Flattening Functionalities (torch)#
Note
This section covers functionality that is specific to PyTorch.
It is only relevant when exporting torch.nn.Module models with
torch.export.export() and has no bearing on ONNX models built
directly with the builder APIs.
torch.export.export() and the torch pytree machinery require every
Python object that appears as a model input or output to be registered as a
pytree node. When a class is not registered, exporting fails with a cryptic
error.
yobx.torch.flatten provides utilities to register, unregister,
and compose such registrations cleanly.
Why flattening matters#
torch.export.export() traces a PyTorch model into a portable
torch.fx.GraphModule. During tracing every input and every output
must be decomposable into a flat list of torch.Tensor objects. The
decomposition is handled by torch.utils._pytree, which knows about
built-in Python containers (list, tuple, dict) but not about
arbitrary user-defined classes.
If a model returns — or receives as input — a class like
transformers.DynamicCache, exporting will fail unless that class has been
registered as a pytree node with:
a flatten function — extracts the tensors and a serialisable context object that describes the structure,
an unflatten function — recreates the original object from the flat list and the context,
a flatten-with-keys function — same as flatten but pairs each tensor with a
torch.utils._pytree.MappingKeythat names it.
Core helpers#
register_class_flattening#
yobx.torch.flatten.register_class_flattening() is a thin wrapper
around torch.utils._pytree.register_pytree_node that:
skips the registration silently when the class is already registered (avoids duplicate-registration errors),
optionally runs a user-supplied check callable to verify the round-trip immediately after registration.
<<<
import dataclasses
from typing import Any, List, Tuple
import torch
from yobx.torch.flatten import (
register_class_flattening,
unregister_class_flattening,
)
# A minimal dict-like container.
class MyOutput(dict):
"""Simple dict subclass that can hold named tensors."""

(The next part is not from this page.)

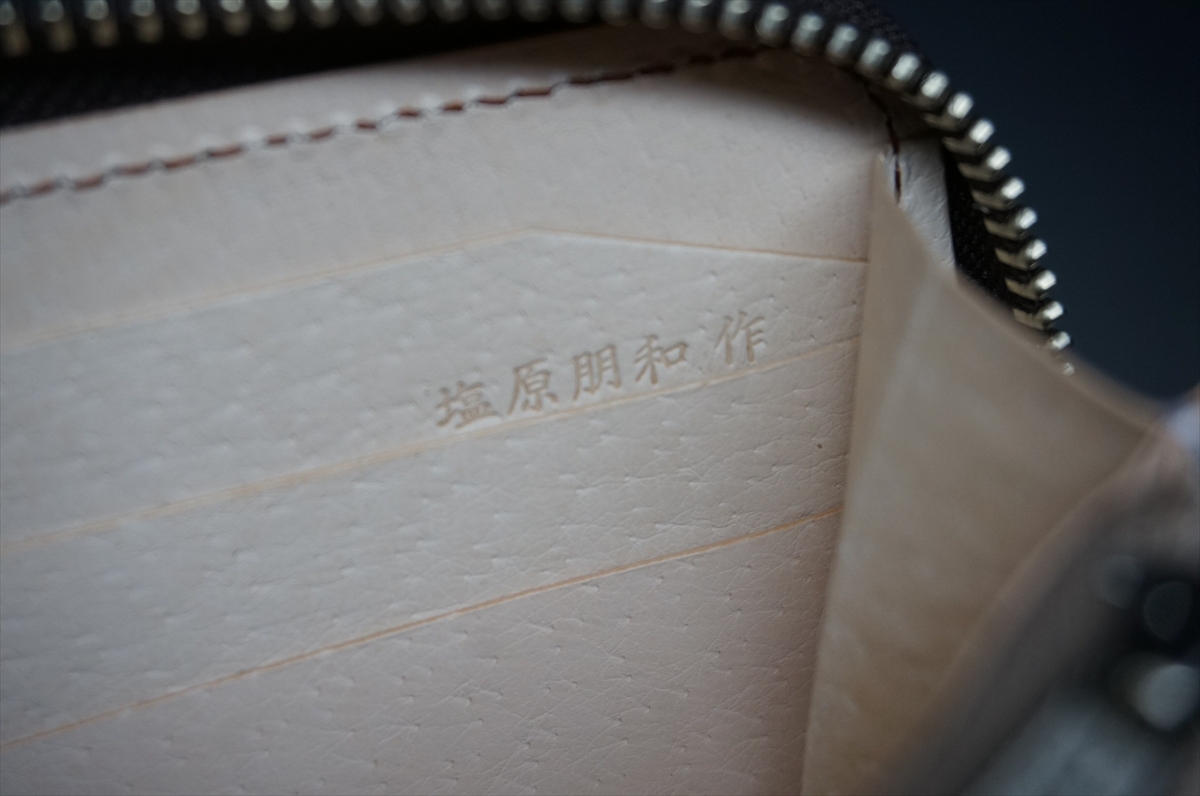 Inside of a light beige wallet/purse showing stitched seams and a stamped maker's signature in Japanese characters on the inner lining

def flatten_my_output(obj):
keys = list(obj.keys())
return [obj[k] for k in keys], keys
def flatten_with_keys_my_output(obj):
keys = list(obj.keys())
values = [obj[k] for k in keys]
return [(torch.utils._pytree.MappingKey(k), v) for k, v in zip(keys, values)], keys
def unflatten_my_output(values, context, output_type=None):
return MyOutput(zip(context, values))
register_class_flattening(
MyOutput,
flatten_my_output,
unflatten_my_output,
flatten_with_keys_my_output,
)
# Flatten and unflatten a MyOutput object.
obj = MyOutput(a=torch.tensor([1.0, 2.0]), b=torch.tensor([3.0]))

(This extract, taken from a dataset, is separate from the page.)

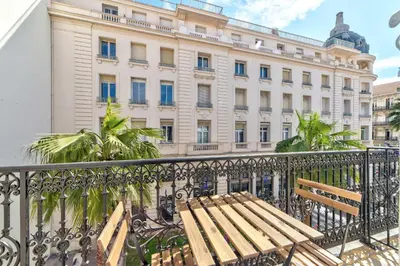 a wooden bench sitting in front of a building at Appartement Croisette Cannes centre in Cannes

flat, spec = torch.utils._pytree.tree_flatten(obj)
print("flat tensors:", [t.tolist() for t in flat])
restored = torch.utils._pytree.tree_unflatten(flat, spec)
print("restored keys:", list(restored.keys()))
# Clean up so that subsequent runs of the docs are not affected.
unregister_class_flattening(MyOutput)
>>>
flat tensors: [[1.0, 2.0], [3.0]]
restored keys: ['a', 'b']
make_flattening_function_for_dataclass#
yobx.torch.flatten.make_flattening_function_for_dataclass()
auto-generates the three required callables for any class that exposes
.keys() / .values() like a mapping (e.g. transformers.ModelOutput
subclasses).
<<<
import torch
from yobx.torch.flatten import (
make_flattening_function_for_dataclass,
register_class_flattening,
unregister_class_flattening,
)
class HiddenState(dict):
"""Dict-like container for a transformer hidden state."""
flatten_fn, flatten_with_keys_fn, unflatten_fn = make_flattening_function_for_dataclass(
HiddenState, set()
)
print("generated function names:")
print(" ", flatten_fn.__name__)
print(" ", flatten_with_keys_fn.__name__)
print(" ", unflatten_fn.__name__)
register_class_flattening(HiddenState, flatten_fn, unflatten_fn, flatten_with_keys_fn)
obj = HiddenState(last_hidden_state=torch.zeros(2, 3))
flat, spec = torch.utils._pytree.tree_flatten(obj)
print("flat:", [t.shape for t in flat])
unregister_class_flattening(HiddenState)
>>>
generated function names:
flatten_hidden_state
flatten_with_keys_hidden_state
unflatten_hidden_state
flat: [torch.Size([2, 3])]
register_cache_flattening and the context manager#
yobx.torch.flatten.register_cache_flattening() registers a
collection of classes in one call and returns a dict that can be passed to
yobx.torch.flatten.unregister_cache_flattening() to undo every
registration.
yobx.torch.flatten.register_flattening_functions() wraps both in
a contextlib.contextmanager() so that registrations are automatically
undone when the with block exits:
from yobx.torch import register_flattening_functions
with register_flattening_functions(patch_transformers=True):
# Inside this block:
# DynamicCache, StaticCache, EncoderDecoderCache, and BaseModelOutput
# are registered as pytree nodes.
exported = torch.export.export(model, (inputs,))
After the with block all registrations are rolled back, leaving
torch.utils._pytree.SUPPORTED_NODES exactly as it was before.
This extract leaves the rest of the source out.